Top of Information provided

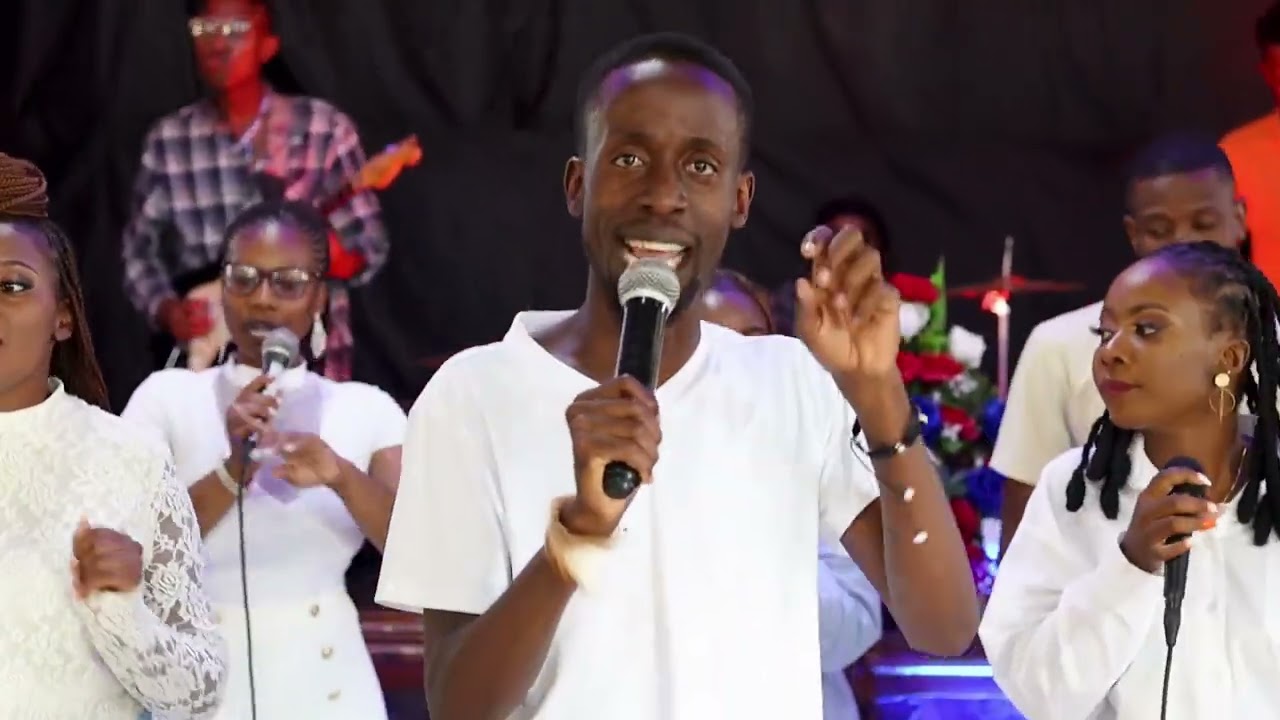 Make Way (Wonk'Amehlo azombona) | BICC BDY CHOIR | Iphithule Nyoni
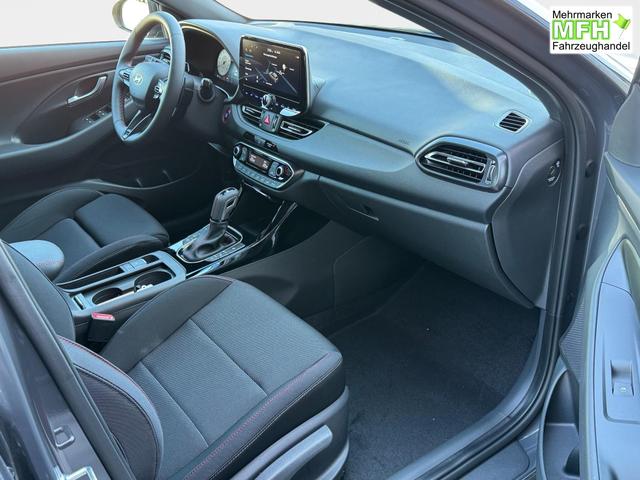 EU Neuwagen Hyundai i30 Kombi N-Line 1.6 T-GDI g&uuml;nstig kaufen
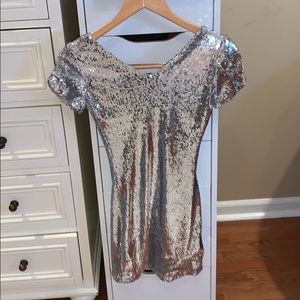 Beautiful Silver dress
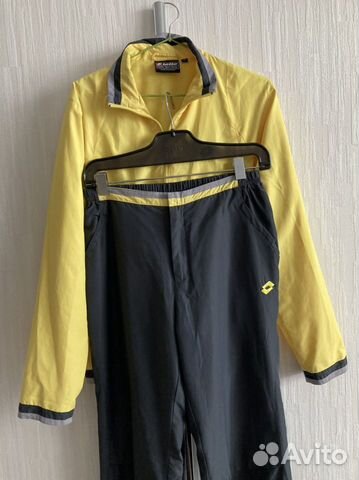 Спортивный костюм женский 46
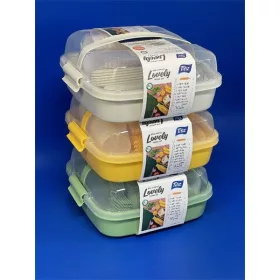 Set de picnic premium IRIS LOVELY pentru 6 persoane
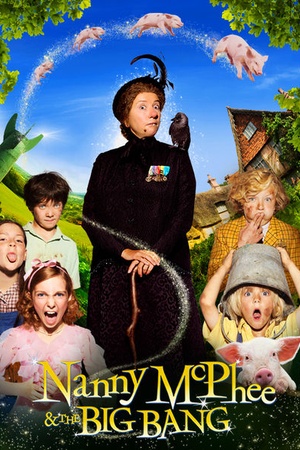 Nanny McPhee Returns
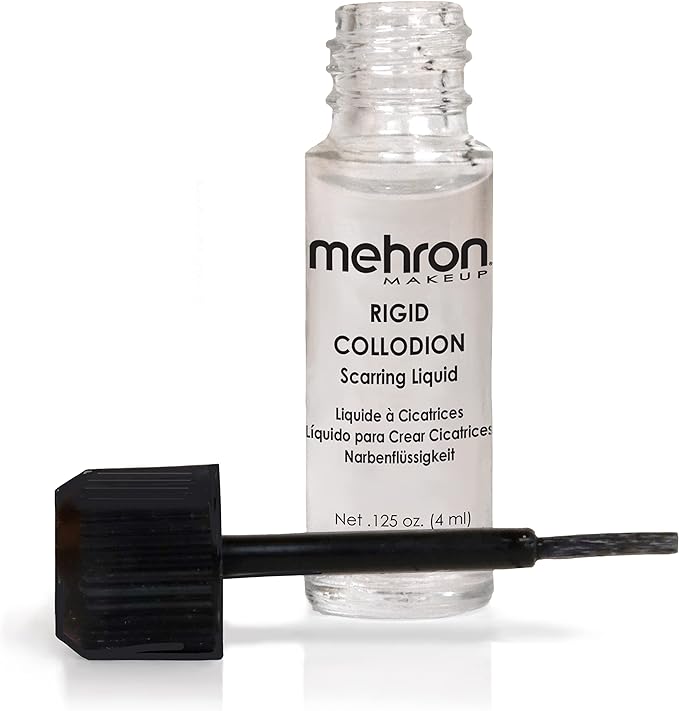 mehron Rigid Collodion Scarring Liquid Clear (parallel import goods) - NewNest Australia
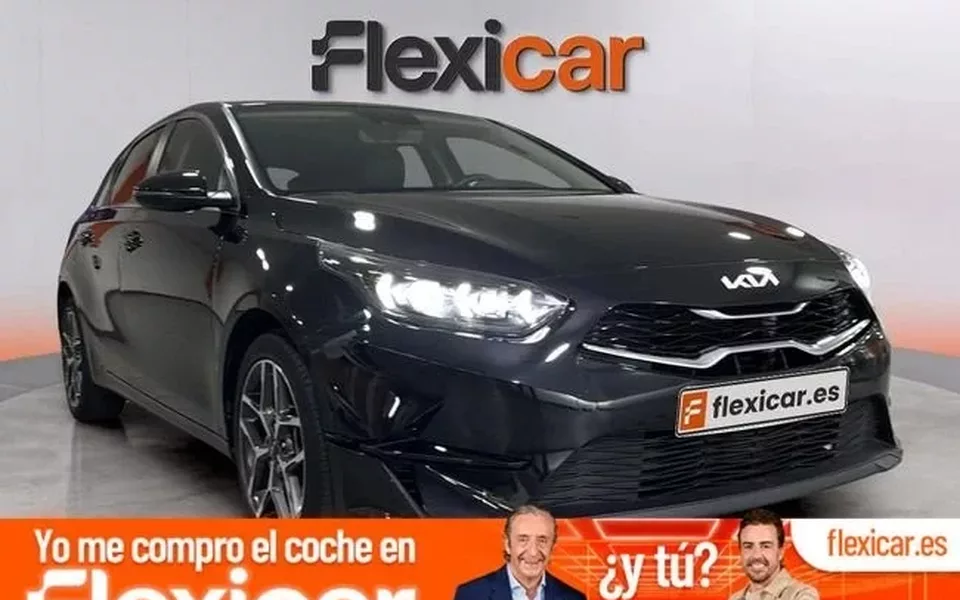KIA Ceed 1.0 T-GDi 88kW (120CV) Tech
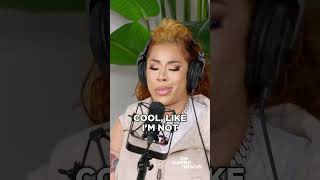 Keyshia Cole had a short fuse?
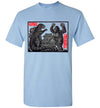 King Kong vs Godzilla T-shirt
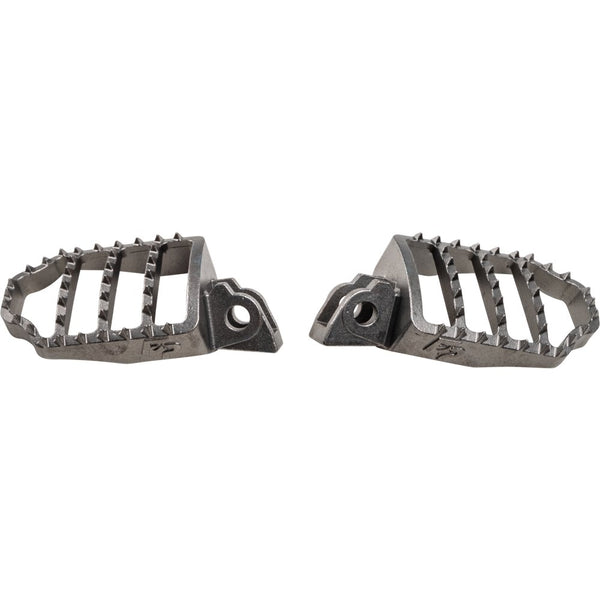 Fire Power Standard Gator Foot Pegs 58 X 90 Mm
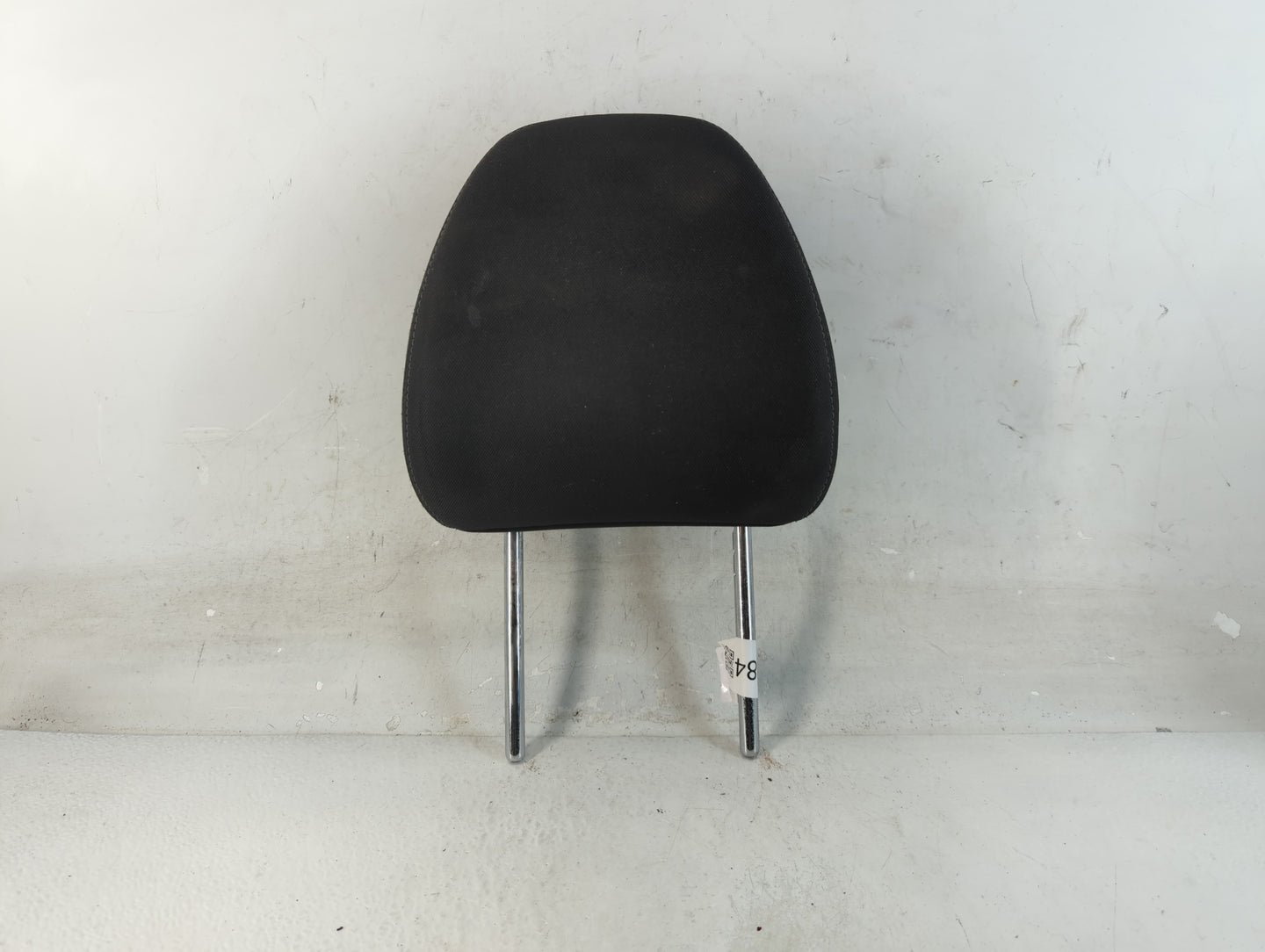 2017-2020 Nissan Rogue Headrest Head Rest Front Driver Passenger Seat Fits Fits 2017 2018 2019 2020 OEM Used Auto Parts - Oe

Bottom of Information provided

*Work instruction:*
In your copy, please omit the pictures and print every line of the records exactly.

*Answer for this exercise:*
 Make Way (Wonk'Amehlo azombona) | BICC BDY CHOIR | Iphithule Nyoni
 EU Neuwagen Hyundai i30 Kombi N-Line 1.6 T-GDI g&uuml;nstig kaufen
 Beautiful Silver dress
 Спортивный костюм женский 46
 Set de picnic premium IRIS LOVELY pentru 6 persoane
 Nanny McPhee Returns
 mehron Rigid Collodion Scarring Liquid Clear (parallel import goods) - NewNest Australia
KIA Ceed 1.0 T-GDi 88kW (120CV) Tech
 Keyshia Cole had a short fuse?
 King Kong vs Godzilla T-shirt
 Fire Power Standard Gator Foot Pegs 58 X 90 Mm
 2017-2020 Nissan Rogue Headrest Head Rest Front Driver Passenger Seat Fits Fits 2017 2018 2019 2020 OEM Used Auto Parts - Oe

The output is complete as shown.